==== Exercise data ====

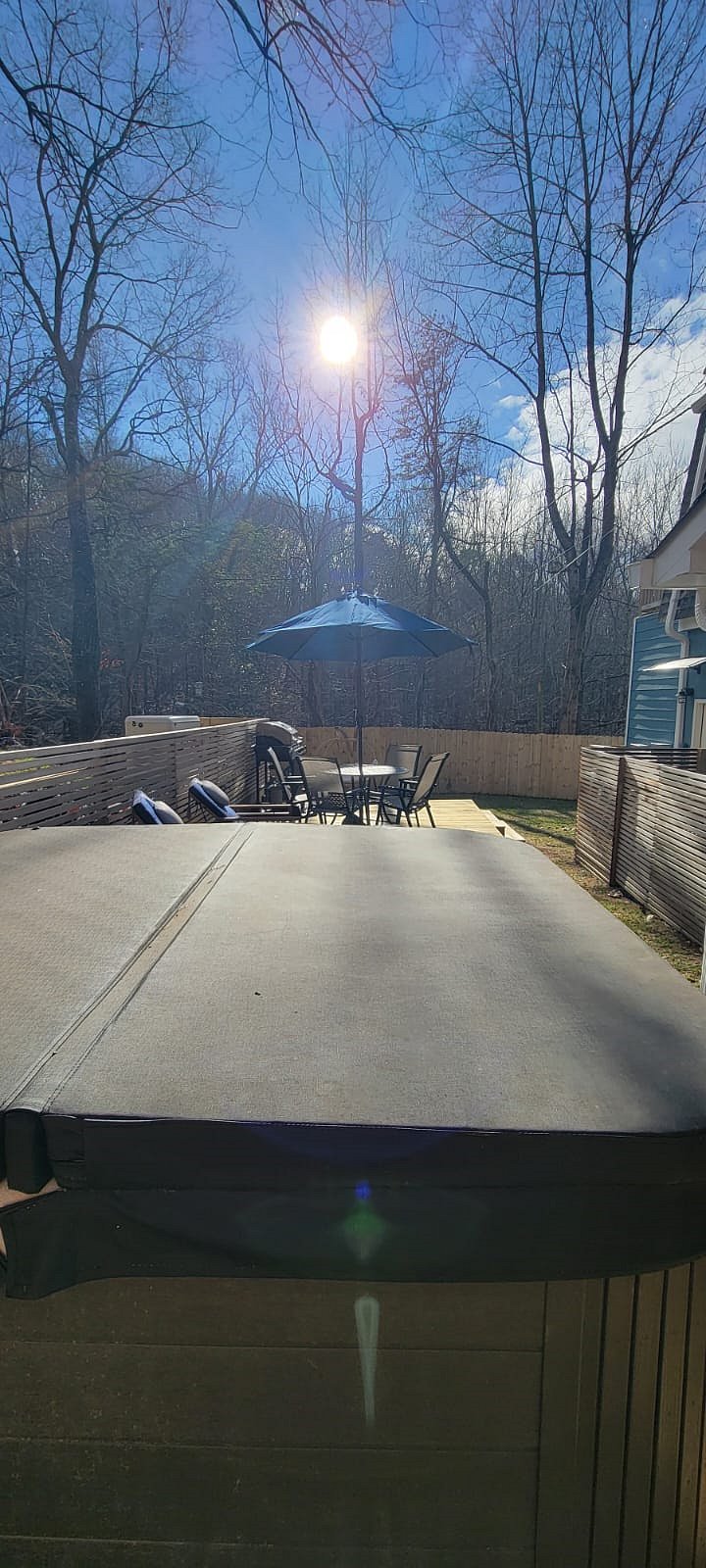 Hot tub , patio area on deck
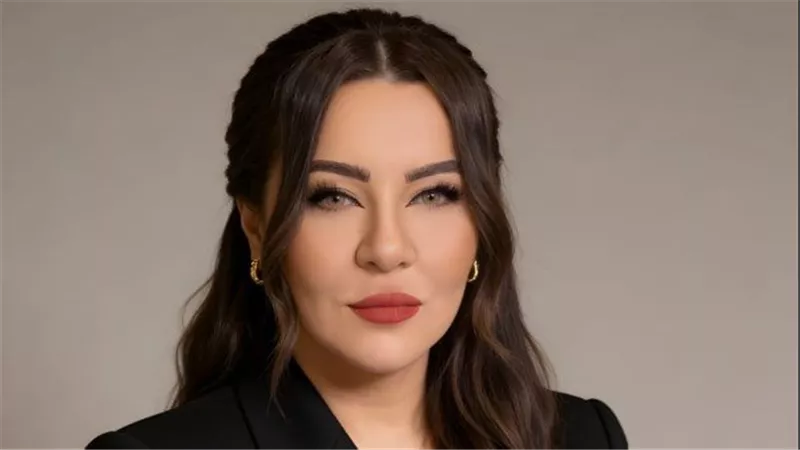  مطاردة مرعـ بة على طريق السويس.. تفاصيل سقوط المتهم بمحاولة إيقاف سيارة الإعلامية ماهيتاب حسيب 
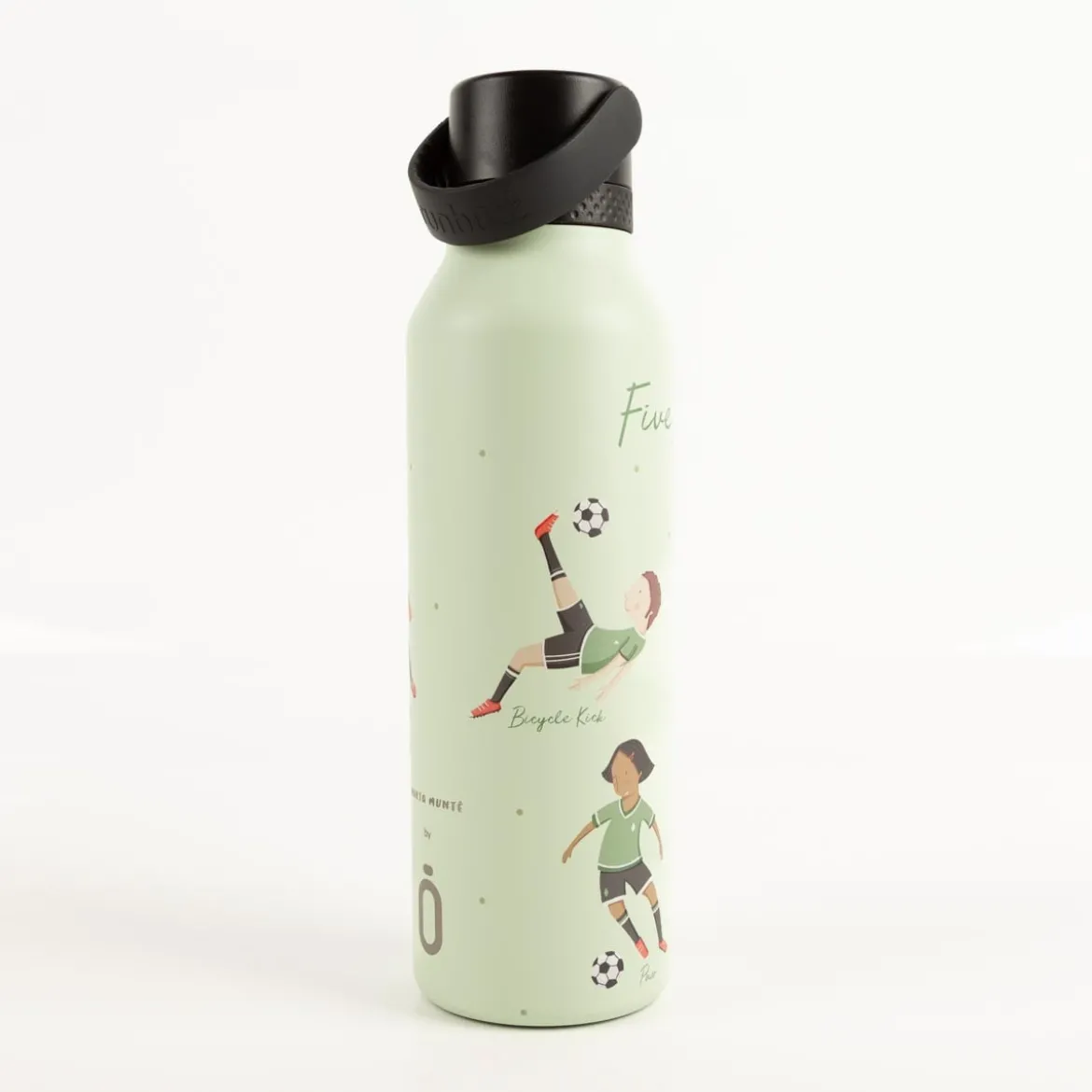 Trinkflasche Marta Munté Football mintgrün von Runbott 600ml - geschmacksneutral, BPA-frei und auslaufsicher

====
==== Exercise data ====

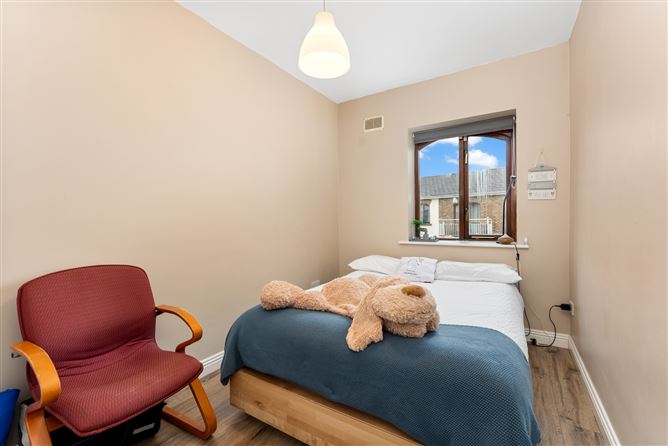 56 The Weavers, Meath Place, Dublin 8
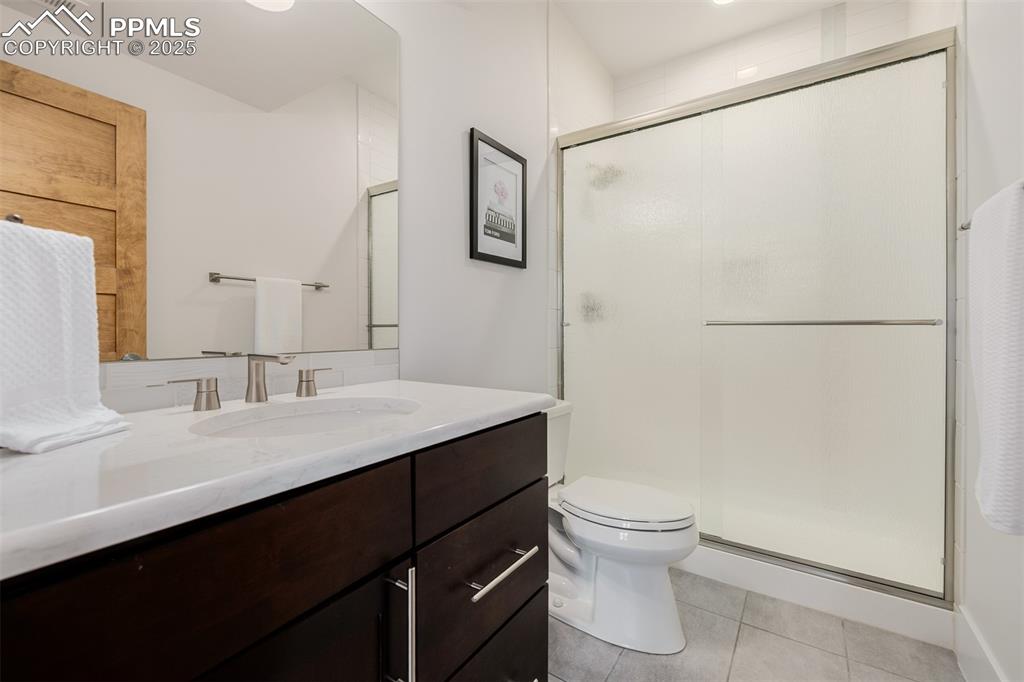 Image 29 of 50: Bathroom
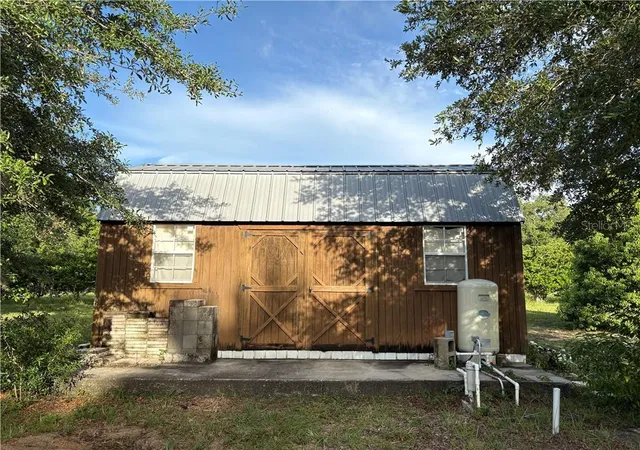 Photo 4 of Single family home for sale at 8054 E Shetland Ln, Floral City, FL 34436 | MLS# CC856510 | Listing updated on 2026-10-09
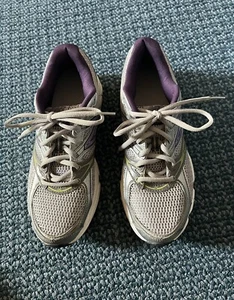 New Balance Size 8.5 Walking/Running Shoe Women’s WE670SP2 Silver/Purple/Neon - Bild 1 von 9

====

The problem: Starting at the line containing "Photo 4 of Single" and stopping at the line containing "New Balance Size", output every line above exactly, both ends included, with pictures omitted.

Result:
 Photo 4 of Single family home for sale at 8054 E Shetland Ln, Floral City, FL 34436 | MLS# CC856510 | Listing updated on 2026-10-09
 New Balance Size 8.5 Walking/Running Shoe Women’s WE670SP2 Silver/Purple/Neon - Bild 1 von 9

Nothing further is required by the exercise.